Exercise goal: Take from the entries below the stretch from the line with "Gabbeh Teppich - Perser" through the line with "Grand Mercure Puka Park Resort LOUNGE_LOBBY", and return it exactly, leaving the pictures out.

The data:
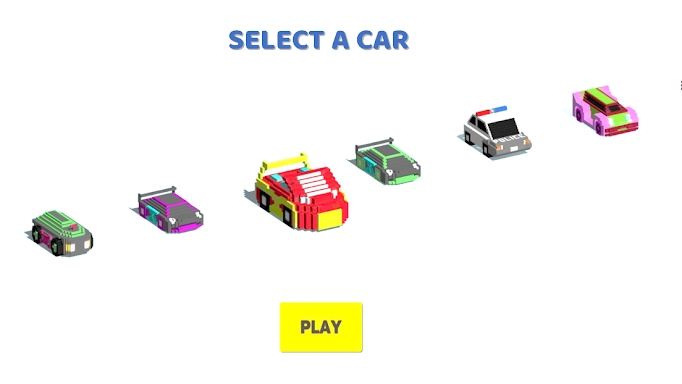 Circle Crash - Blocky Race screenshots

...

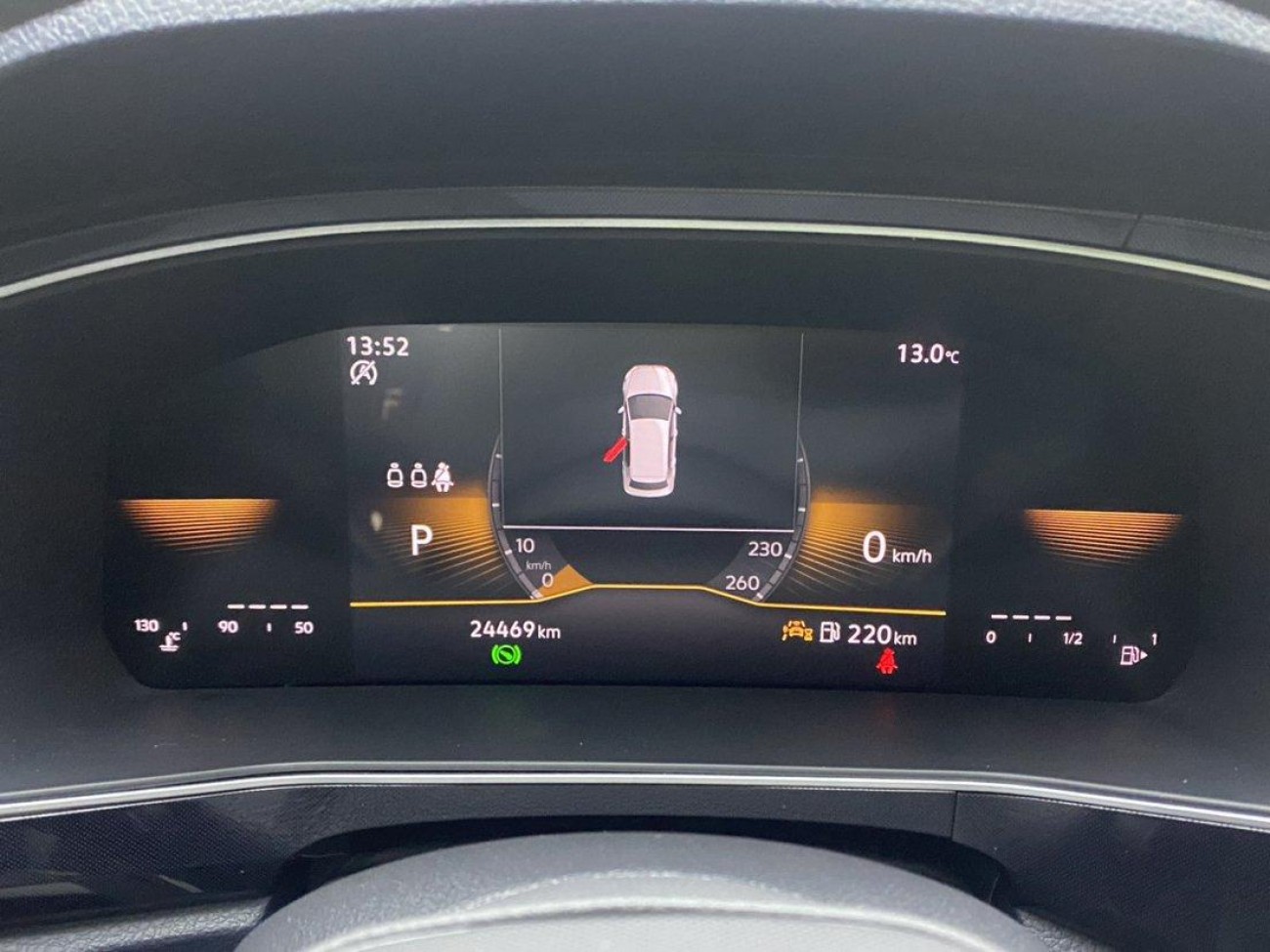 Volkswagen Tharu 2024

==

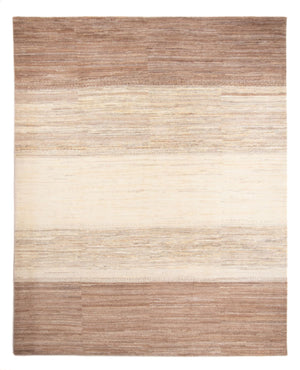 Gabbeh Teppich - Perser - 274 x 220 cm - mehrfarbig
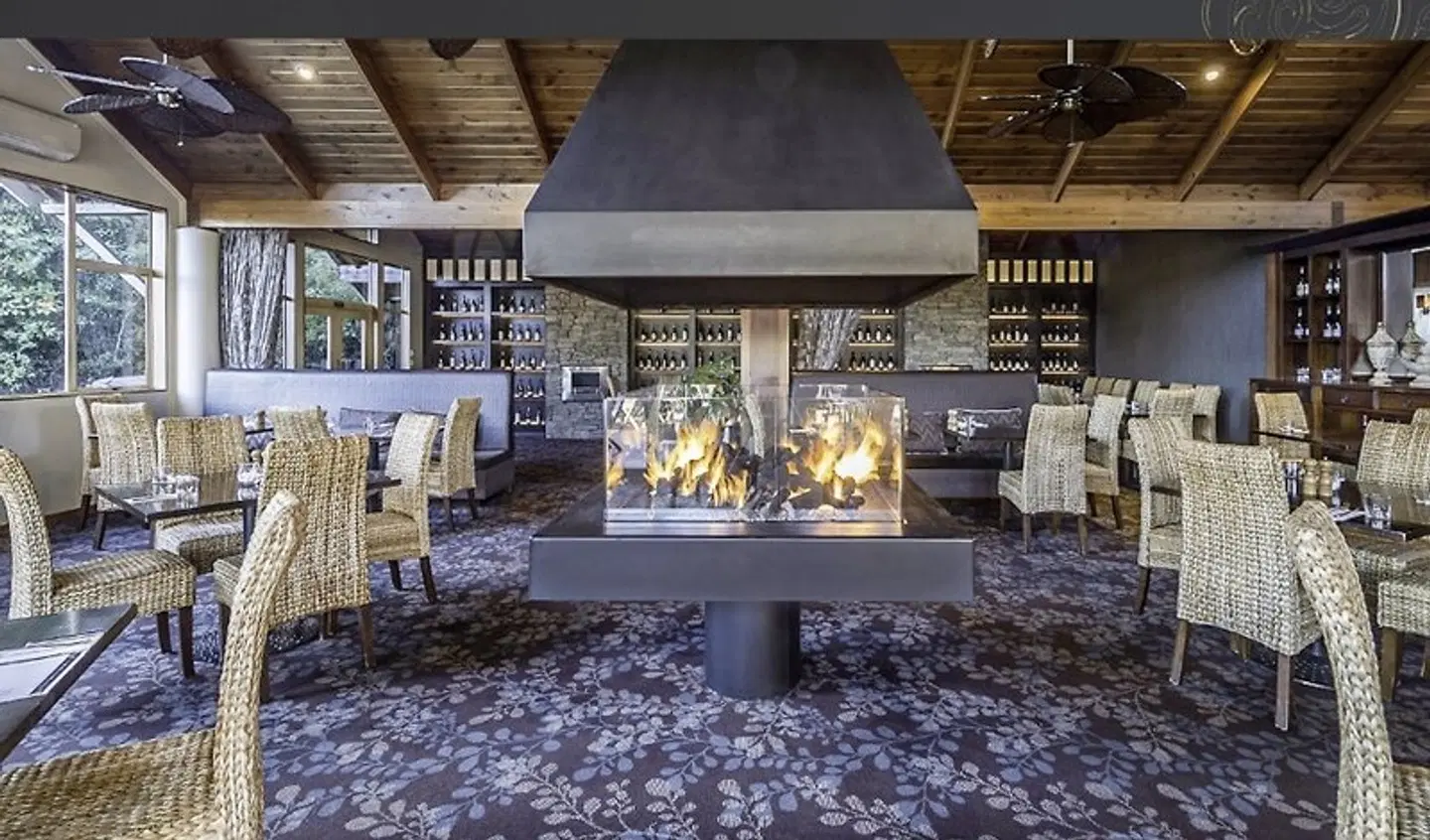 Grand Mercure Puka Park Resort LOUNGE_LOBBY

Solved problem:
 Gabbeh Teppich - Perser - 274 x 220 cm - mehrfarbig
 Grand Mercure Puka Park Resort LOUNGE_LOBBY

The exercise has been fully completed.